*** Opening of PROVIDED DATA ***

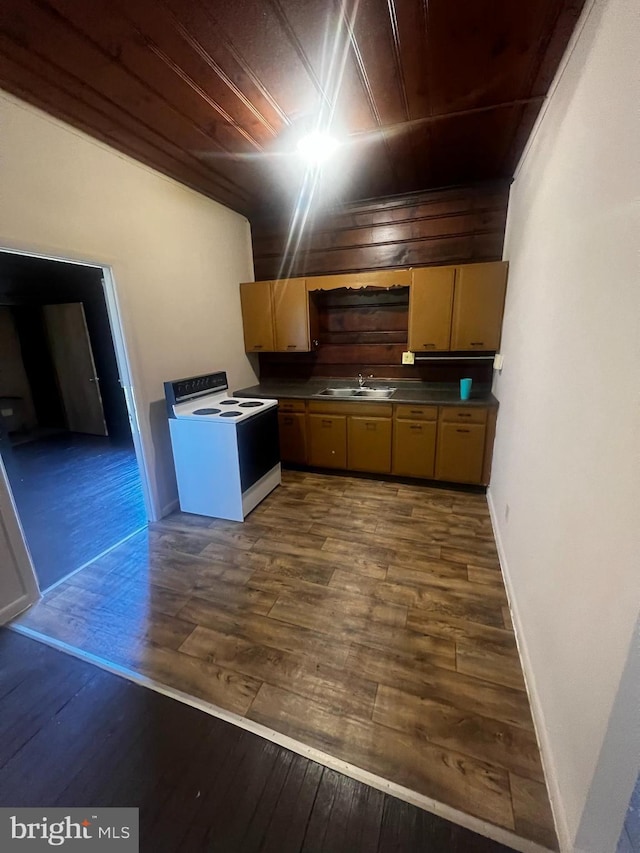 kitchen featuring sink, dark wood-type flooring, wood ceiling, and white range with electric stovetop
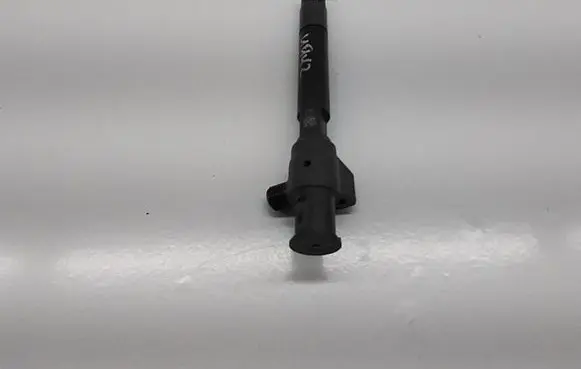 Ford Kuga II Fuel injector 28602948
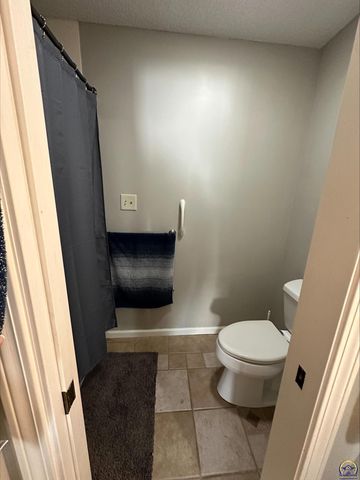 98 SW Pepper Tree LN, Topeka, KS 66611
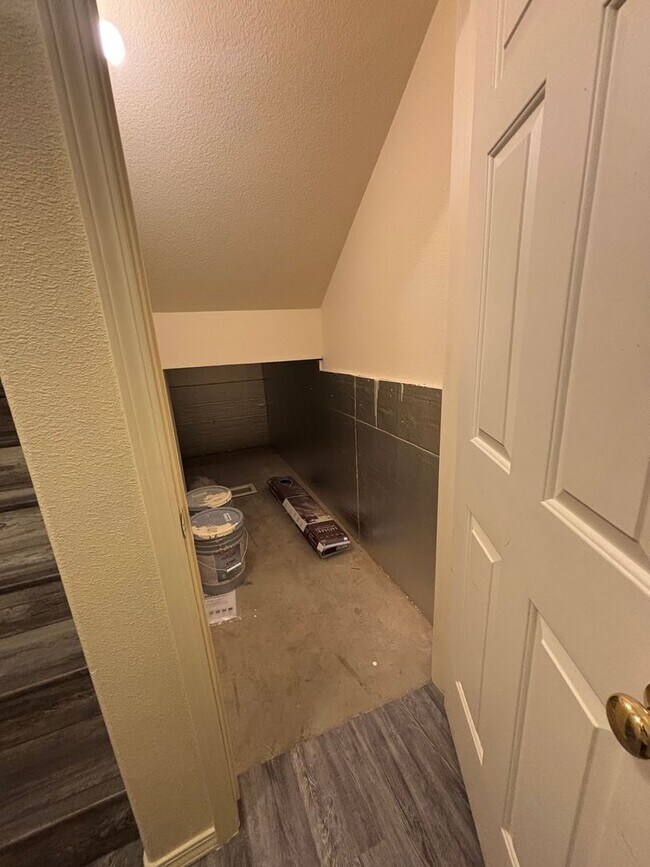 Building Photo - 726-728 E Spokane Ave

*** Close of PROVIDED DATA ***

◆ **YOUR GOAL**: Omit the pictures and print the listing exactly.

◆ **EXERCISE RESULT**:
 kitchen featuring sink, dark wood-type flooring, wood ceiling, and white range with electric stovetop
 Ford Kuga II Fuel injector 28602948
 98 SW Pepper Tree LN, Topeka, KS 66611
 Building Photo - 726-728 E Spokane Ave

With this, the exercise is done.